You were CEO of Information Mosaic, a securities software company, at the time. Was there a connection?
We grew between 2008 and 2012, but I could see that the real growth was in the regulatory side. I founded Corlytics in 2013 because I could see my clients were shifting their spending toward regulatory and compliance systems. The risks of not doing so were becoming obvious. For example, in 2014 Bank of America Merrill Lynch paid more than $16 billion in fines because of mortgage-backed securities issues, and last year Deutsche Bank had to settle with the U.S. Department of Justice for $7.2 billion because of compliance violations. Those are big impacts. Since the crash, there have been 39 incidents of banks paying more than $1 billion in fines. About $250 billion was wiped off the balance sheets of the top 20 banks in the world, mostly in the U.S.
Why are you still in Ireland?
We now have 38 staffers globally, with offices in both Boston and New York. We may eventually have some people based in Washington, because that’s where the regulators are. But we see ourselves as a global company. We already have a presence in Australia and plan to grow our Asian presence. The company will probably shift in 2018 and become more U.S. focused.
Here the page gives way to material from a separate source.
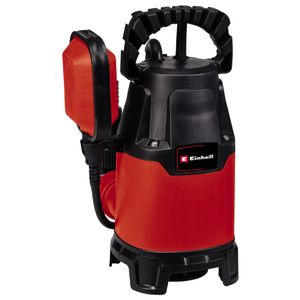 EINHELL GC-DP 3325, potopna pumpa za nečistu vodu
Any specific developments that convinced you to focus your energy on Corlytics instead of Information Mosaic?
In December 2012 I met with three clients who were discussing their budgets for the following year. They said they were allocating most of their IT budgets to get ready for new regs coming into force in 2013-14. For some, it was a third of their entire IT budget. I then asked two very large banks how they measure the risk of getting fined. After three months, they still couldn’t tell me how many fines they’d have globally. They didn’t know the value of that to their own organizations. So, I started looking into the feasibility of the regulatory risk business.
How big is the market for so-called regtech?
If you look at the world of credit risk assessment, which is dominated by Moody’s and Standard & Poor’s, that’s about a $10 billion market. We estimate our market at about $1.5 billion.
Any unusual startup challenges?
We’re trying to convert legal documents into scientific data. We use a unique combination of lawyers, data scientists, and mathematicians to look at legal events, and use modern analytics to measure the risks of a new piece of regulation.
Are most clients seeking your services to fully comply, or are they looking for ways to determine whether it might be cheaper just to pay the fines?
Noncompliance isn’t an option anymore, and banks are now factoring compliance into the cost of doing business. Some are even using our information to craft an exit strategy. If a bank doesn’t have the expertise to put in the controls that a regulator expects, that might be a reason to get out of the business.
Corlytics was operating in the red at the end of 2015, but you predicted the company would be profitable by 2020. Are you on track?
We’re basically in line with where we said we’d be. Our goal is to be a leader in the field, and we’re in a period of strong revenue growth for what’s going to be a very big market.
Any particular books that influenced you or your career?
One was Hard Facts, Dangerous Half-Truths, and Total Nonsense: Profiting from Evidence-Based Management, by Jeffrey Pfeffer and Robert I. Sutton. That was a huge inspiration for the logic behind this company. I believe people should make data-based decisions, and what I saw were bankers relying on lawyers’ opinions rather than facts. There’s no reason to bet the future of a bank on someone’s opinion.